All of lore.kernel.org
 help / color / mirror / Atom feed
From: Uladzislau Rezki <urezki@gmail.com>
To: "Paul E. McKenney" <paulmck@kernel.org>
Cc: Uladzislau Rezki <urezki@gmail.com>,
	LKML <linux-kernel@vger.kernel.org>, RCU <rcu@vger.kernel.org>,
	Michal Hocko <mhocko@suse.com>,
	Andrew Morton <akpm@linux-foundation.org>,
	Daniel Axtens <dja@axtens.net>,
	Frederic Weisbecker <frederic@kernel.org>,
	Neeraj Upadhyay <neeraju@codeaurora.org>,
	Joel Fernandes <joel@joelfernandes.org>,
	Peter Zijlstra <peterz@infradead.org>,
	Thomas Gleixner <tglx@linutronix.de>,
	"Theodore Y . Ts'o" <tytso@mit.edu>,
	Sebastian Andrzej Siewior <bigeasy@linutronix.de>,
	Oleksiy Avramchenko <oleksiy.avramchenko@sonymobile.com>,
	Zhang Qiang <qiang.zhang@windriver.com>
Subject: Re: [PATCH v2 1/1] kvfree_rcu: Release a page cache under memory pressure
Date: Thu, 18 Mar 2021 18:47:46 +0100	[thread overview]
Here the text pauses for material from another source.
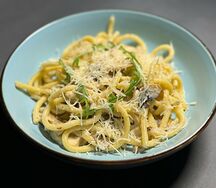 Паста с цыпленком и грибами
Message-ID: <20210318174746.GA10488@pc638.lan> (raw)
In-Reply-To: <20210316210125.GY2696@paulmck-ThinkPad-P72>

On Tue, Mar 16, 2021 at 02:01:25PM -0700, Paul E. McKenney wrote:
> On Tue, Mar 16, 2021 at 09:42:07PM +0100, Uladzislau Rezki wrote:
> > > On Wed, Mar 10, 2021 at 09:07:57PM +0100, Uladzislau Rezki (Sony) wrote:
> > > > From: Zhang Qiang <qiang.zhang@windriver.com>
> > > > 
> > > > Add a drain_page_cache() function to drain a per-cpu page cache.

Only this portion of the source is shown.